Afortunadamente, la empresa de taxis de la ciudad —«Paria Taxi», así es como la llamamos, ya que los conductores son ex alcohólicos y residentes en centros de reinserción social— se halla justo al lado del Royal Lunch. Así que uno cruza la puerta y hace un gesto con la mano a los taxistas que están a la espera de un pasajero. Por lo general conocemos al taxista o fuimos a la escuela con algún familiar suyo. Y por el apellido que figura en el registro que llevan en la visera siempre sabemos que el taxista es uno de los nuestros: un compañero, un eslabón en la cadena de trabajadores corrientes de esta ciudad que nació hace dos siglos. Es una sensación agradable y familiar. A veces esta simbiosis entre los borrachos desinhibidos del Royal Lunch y los borrachos inhibidos de la parada de taxis parece ser lo único que funciona de maravilla en este lugar.

Mientras tanto, te llega débil la voz de Dottie y alcanzas a oír desde la calle:
I'm crazeeeeeee, crazy for feeling so lonely, crazy, crazy for feelin ’ so blue.
Y esas últimas notas se deslizan como un pañuelo de seda que cae por una escalera en lo más profundo de nuestros corazones. No hay nada más humano que la manera en que todos —el taxista, Dot, yo mismo— tomamos del otro lo que necesitamos, ese instante próximo a la medianoche en el que compartimos los fantasmas de esta vieja ciudad.

2
REPUBLICANOS POR DEFECTO
Miedo y orgullo en la era de las subcontrataciones

En el muelle de carga de Rubbermaid el personal chilla hoy como una familia de macacos con el culo al aire, apoyados en los palés y riendo hasta casi asfixiarse. Junie Reese se ha comprado un alargador de pene. Llegó por correo postal a su nombre. La ilustración y el texto que venía escrito en la caja lo explicaban todo: «¡Ínflelo y manténgase en forma! Este poderoso alargador de máxima calidad contiene un cilindro de 30 centímetros, una bomba para inflar y desinflar, y una manga de ultrasucción de 45 centímetros. Consiga una impresionante superpotencia con la bomba manual y use la válvula para liberar fácilmente la presión. Aplicando el efecto vibrador de múltiples velocidades, obtendrá un placer colosal».

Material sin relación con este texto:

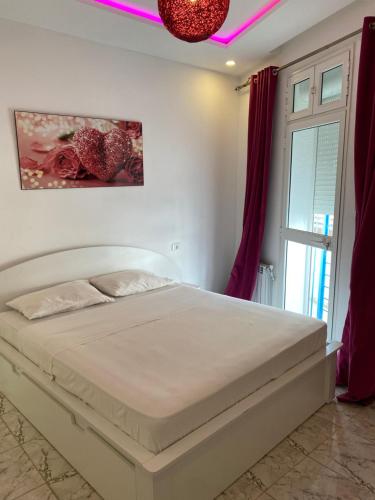 a bedroom with a white bed and a window at Appartement coeur de ville Tunis in Tunis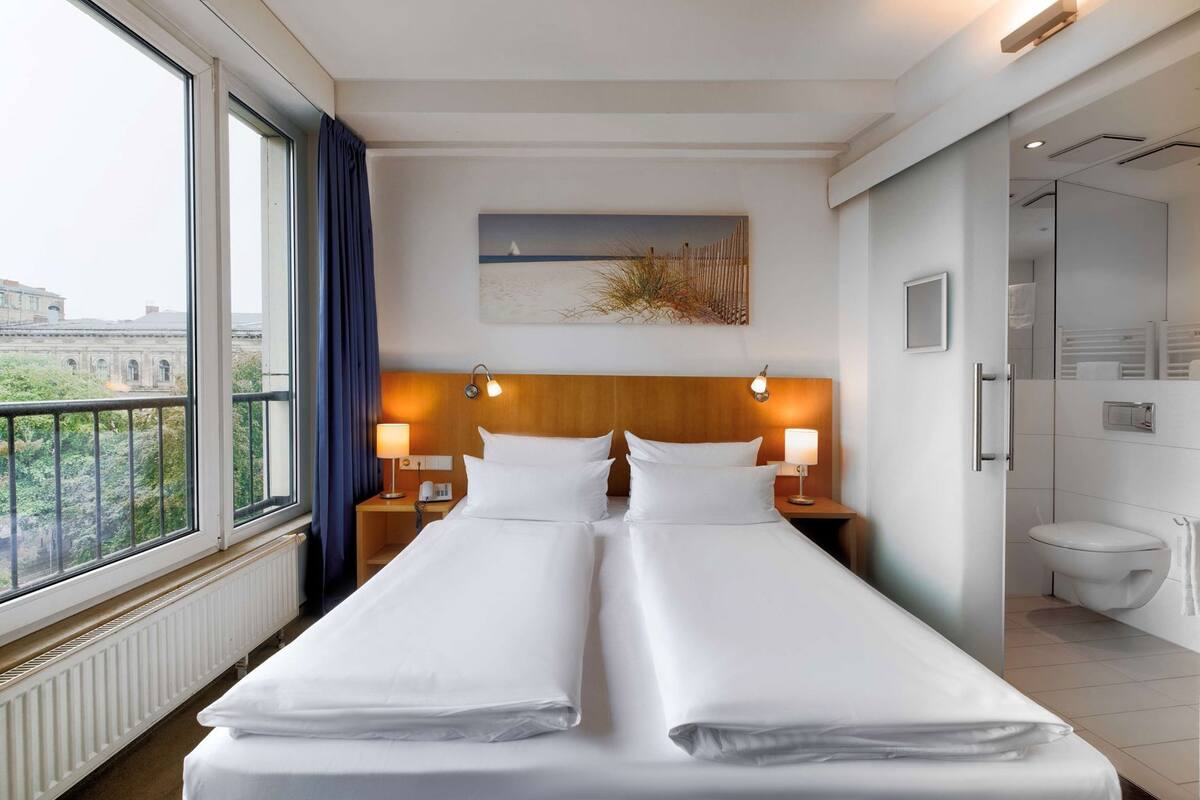 Une chambre d’hôtel avec deux lits, une vue sur les bâtiments environnants, un tableau au mur et une salle de bain avec des toilettes et une douche.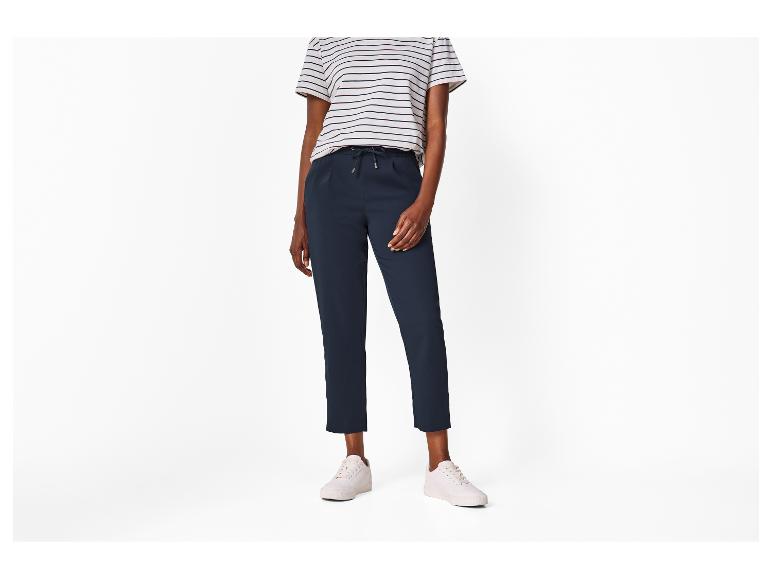 Frau in gestreiftem T-Shirt und dunkelblauer Hose mit weißen Sneakern.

«Veamos qué haces con ese artilugio, tío».

Junie es el trabajador más aborrecido en el muelle y un lameculos de la empresa, siempre listo para delatar a sus compañeros al supervisor. Esta noche está recibiendo parte de su merecido. Alguien se ha vengado enviándole por correo la caja del alargador de pene (una caja vacía, porque ni siquiera contiene el kit, sólo un texto obsceno). A sus treinta y cinco años, de cara y cabello rubicundos, Junie Reese lleva escrito en todo su cuerpo que es un cruce de varios perros callejeros americanos. En el dorso de la mano izquierda luce un tatuaje casero algo borroso. (¿Qué se supone que es eso, Junie?, ¿un cuchillo, una espada, una cruz? ¿Una jota de Junie? ¡Una jota mal hecha, tío!) Pues sí. El tipo es un genuino soplapollas sodomizado de la vieja escuela y una auténtica puta de empresa.

A modo de réplica, Junie empieza a dar patadones en el suelo y a sacar pecho frente a sus torturadores. Luego, cuando parece que ya ha pasado lo peor, lo llaman para que se presente en el despacho. «Señor Reese, no podemos tolerar semejante alboroto durante la jornada laboral. De modo que voy a tener que pedirle que no reciba más envíos personales en el trabajo. Está prohibido que le lleguen más paquetes a su nombre a la sala de correo de Rubbermaid. ¿Le ha quedado claro?». Junie explica que le han jugado una mala pasada. El supervisor contesta: «Y a mí qué, voy a tener que tomar nota, y sepa que mi advertencia sigue en pie». Junie murmura un «sí, señor», asiente con la cabeza y se retira, después de lo cual el supervisor se descojona.